WHAT TO WORK ON: Among the entries that follow, the required portion opens with the line containing "New 2025 Ford Explorer ST-Line" and closes with the line containing "40G QSFP+ Aktives optisches Kabel (AOC)". Give that portion again exactly, and nothing else.

MATERIAL SUPPLIED:
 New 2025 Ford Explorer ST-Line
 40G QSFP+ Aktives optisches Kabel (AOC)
* * *
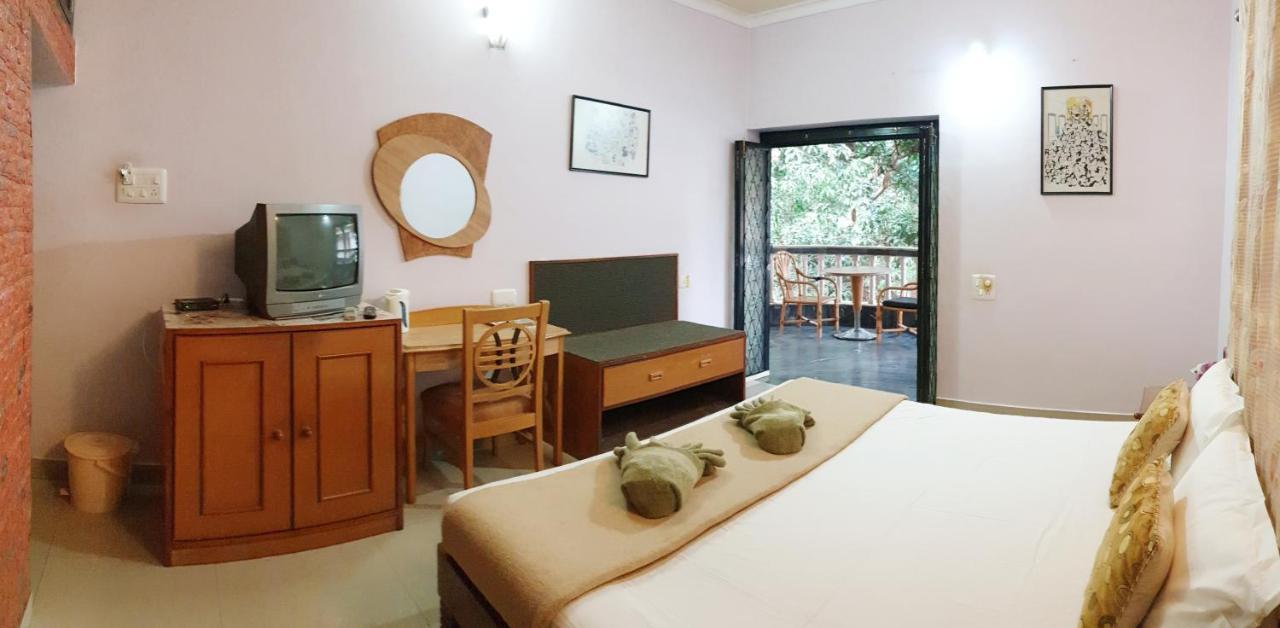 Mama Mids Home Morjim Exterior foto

PROBLEM SOLUTION:
 New 2025 Ford Explorer ST-Line
 40G QSFP+ Aktives optisches Kabel (AOC)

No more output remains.